Борис Парамонов на радио "Свобода" 2012 (январь) - 2013 (май) | страница 96




    Дальнейшее понятно. Матрос, как представитель трудящихся классов, ничуть не растерялся: и хижину смастерил из веток и листьев, и рыбы наловил на какие-то сучки, и костер развел, тем более что спички были. Дамочка и тут принялась на него покрикивать, уверенная в незыблемости их иерархического неравенства. Но не тут-то было: матрос отвечает ей великолепным презрением и готов ей покровительствовать только в случае полной и безоговорочной капитуляции. В мире природы рушатся искусственные конвенции социальной культуры и восстанавливается естественный порядок. Но при этом естественный человек отнюдь не добр, как полагали Руссо и Толстой, а ровно наоборот: в нем проявляется хищный зверь, лишенный каких-либо высокочтимых добродетелей. А это уже де Сад или, если угодно, Гоббс: война всех против всех. Надо ли удивляться, что Марианджела Мелато оказалась в полном подчинении у Джанкарло Джанини, в том числе сексуальном. Но это еще не всё: пикантность ситуации в том, что ей такое положение нравится, она не только любит, но обоготворяет своего господина, внося весомый и зримый аргумент в старинный тезис о женщинах как рабынях мужчин.

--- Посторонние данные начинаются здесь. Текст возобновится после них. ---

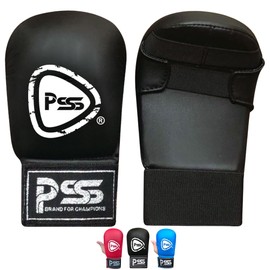 PSS Kids Karate mitt gloves for Boxing Martial Arts jab Training sparring junior pads open finger palm style Without Thumb Black Blue & Red Color 1018 (Black, S)
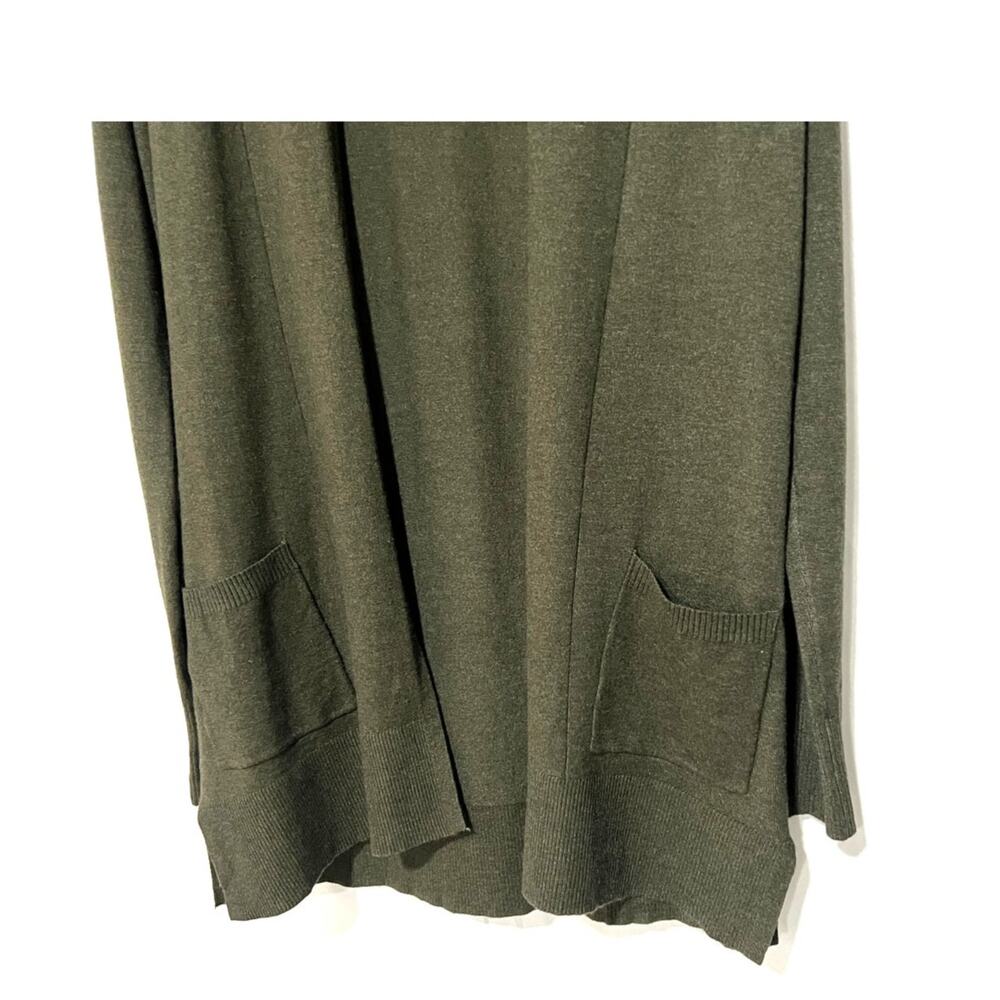 Pink Clover Open Front Fine Knit Cardigan Sweater Army Green Womens XSmall NEW - Picture 5 of 13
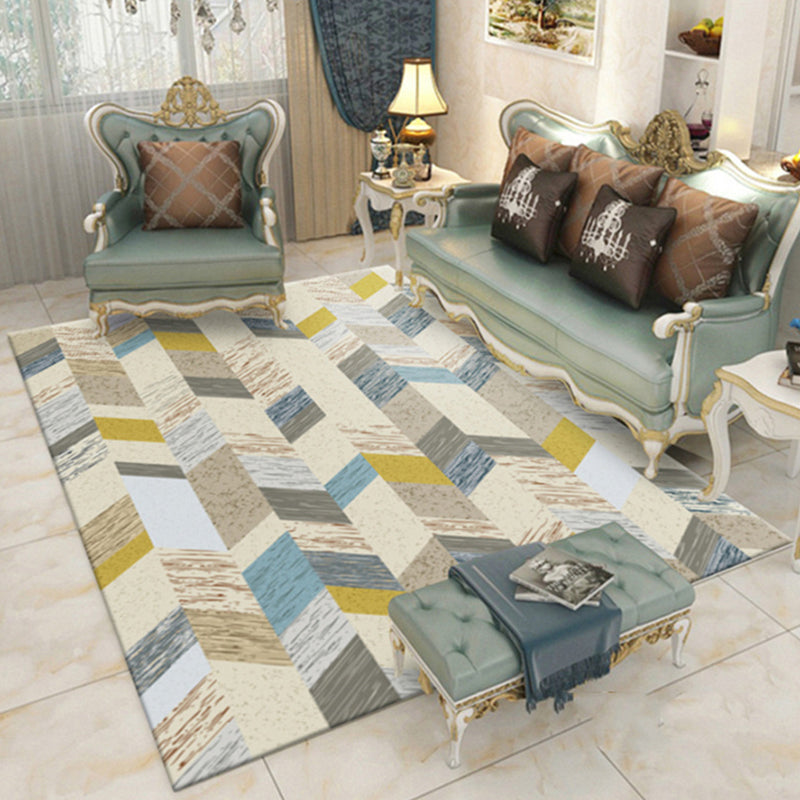 BowLift | Contemporary Area Rug Multi-colored Geo Printed Carpet Synthetic Non-slip Machine Washable Rug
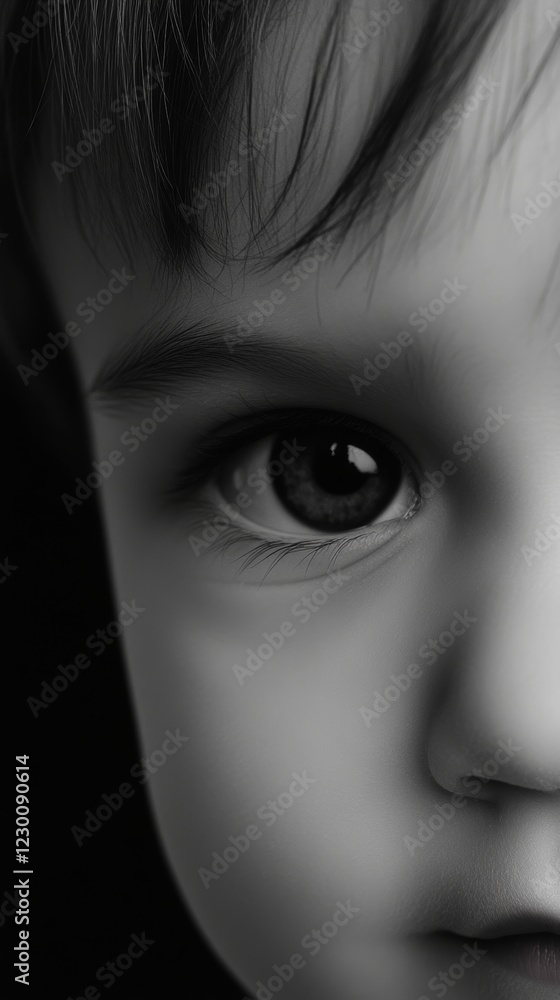 Fototapeta premium Close-up of a child's expressive eye revealing innocence and curiosity captured against a dark background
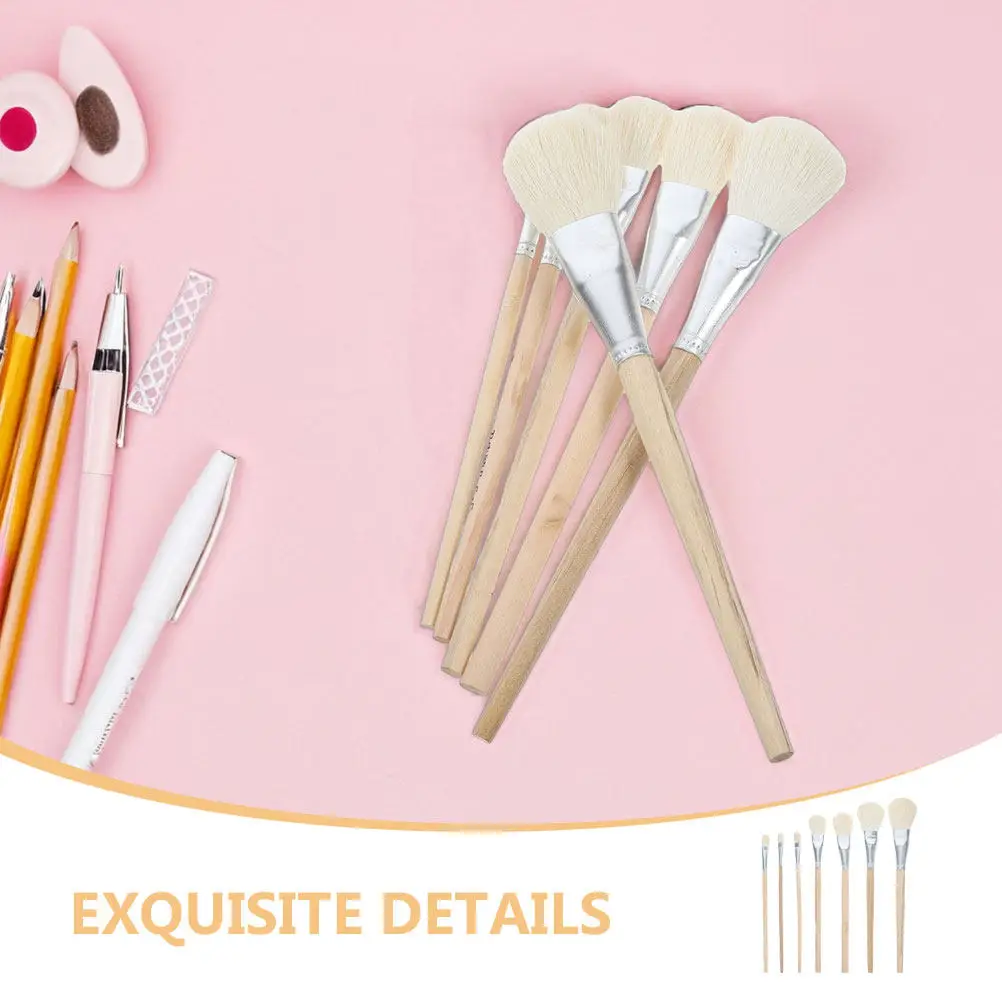 7Pcs Wool Paint Brush Set Wooden Handle Soft Bristles Pottery Ceramic Watercolor Art Painting Supplies Blend Glaze Brush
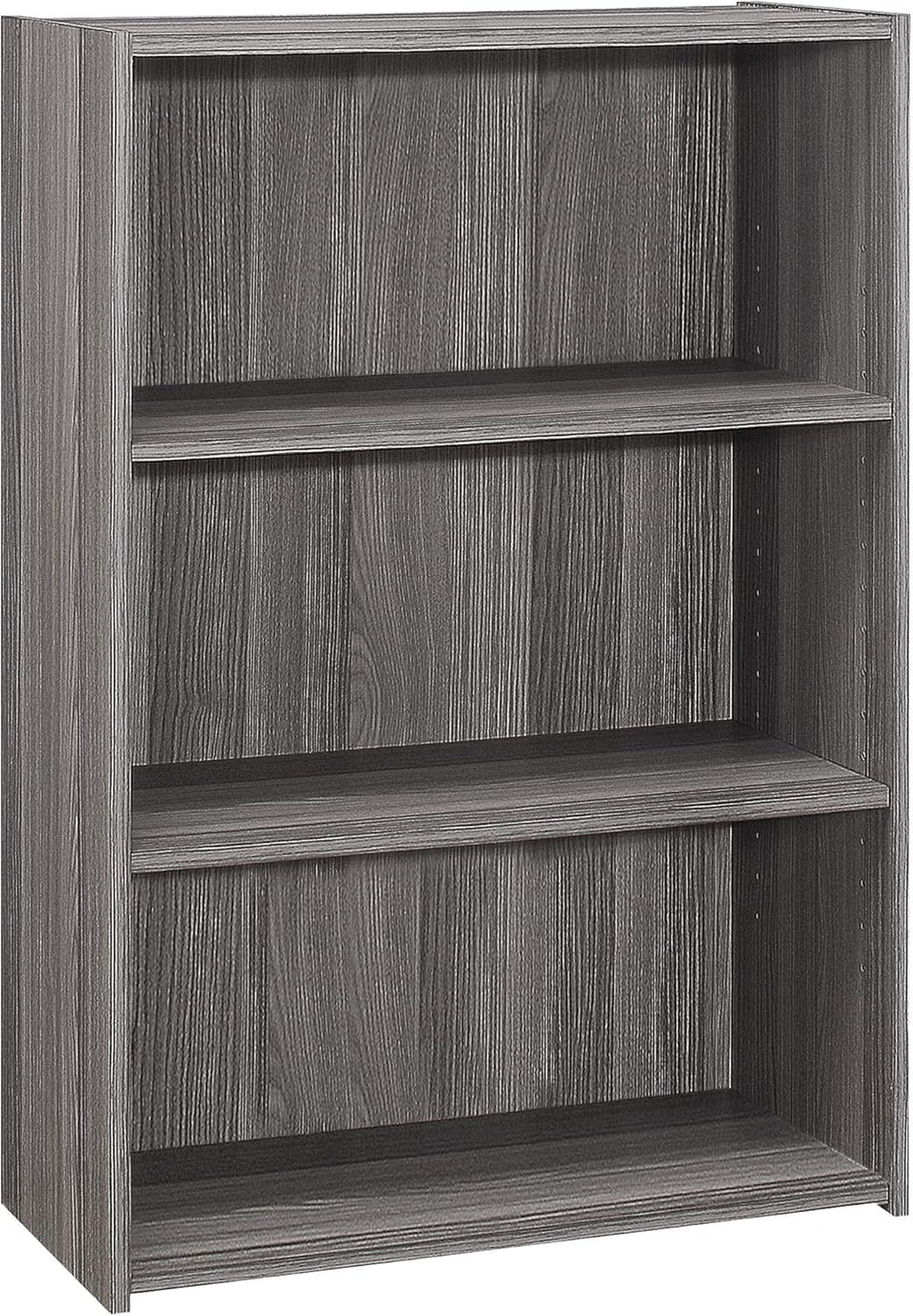 Monarch Specialties I BOOKCASE-36 H/Grey with 3 Shelves Bookcase, Gray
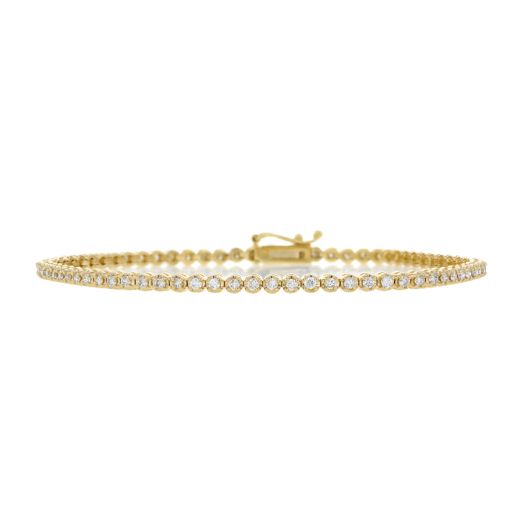 yellow gold tennis bracelet with round cut diamonds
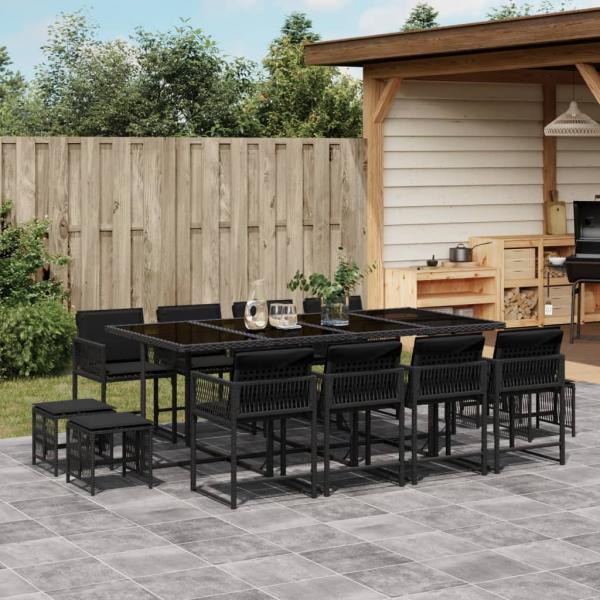 ARDEBO.de - 13-tlg. Garten-Essgruppe mit Kissen Schwarz Poly Rattan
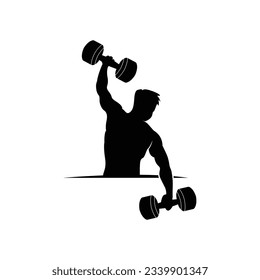 Gym Logo, Fitness Health Vector, Muscle Workout Silhouette Design, Fitness Club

    Вот за этот месседж и обозлились на Лину Вертмюллер феминистки. Это очень некорректный политически фильм. Но он целит не только в феминизм, но и в левую мифологию. Матрос Джанини совсем не в восторге от своего господствующего положения, он хочет вернуться в нормальный мир (тот самый, в котором буржуи эксплуатируют трудящихся). Есть в фильме такая сцена. Они развели и постоянно поддерживают костер, чтобы проходящие суда могли их заметить по дыму. И вот однажды, наевшись рыбы, матрос задремал, а дамочка увидела пароход – и тут же затоптала костер: ей не хочется на материк, ей с милым рай и в шалаше. Потом, разомлев в любовных играх, она признается в этом своему господину – и какую же выволочку он ей устраивает!


    Есть еще одна сцена, о которой нельзя не вспомнить. Марианджела что-то нашептывает Джанкарло (мы не слышим что), предлагая какой-то вариант любовных утех. Поняв, в чем дело, Джанини возмущается: ну и придумают эти буржуи!


    Эта ироническая идиллия кончается, затерянных в море находят, и восстанавливается цивилизационный порядок. Невольные любовники понимают, что к прошлому возврата нет. Дамочка грустит, матрос тоже вроде как печален, но его жена, смекнув, в чем дело, в чисто итальянском фуриозо расцарапывает ему физиономию. Никакого рая нет, никакого золотого века не было, а живи, человек, как живешь – в культурном строе, предполагающем, если говорить скромно, разделение труда, а если пышно – социальную иерархию.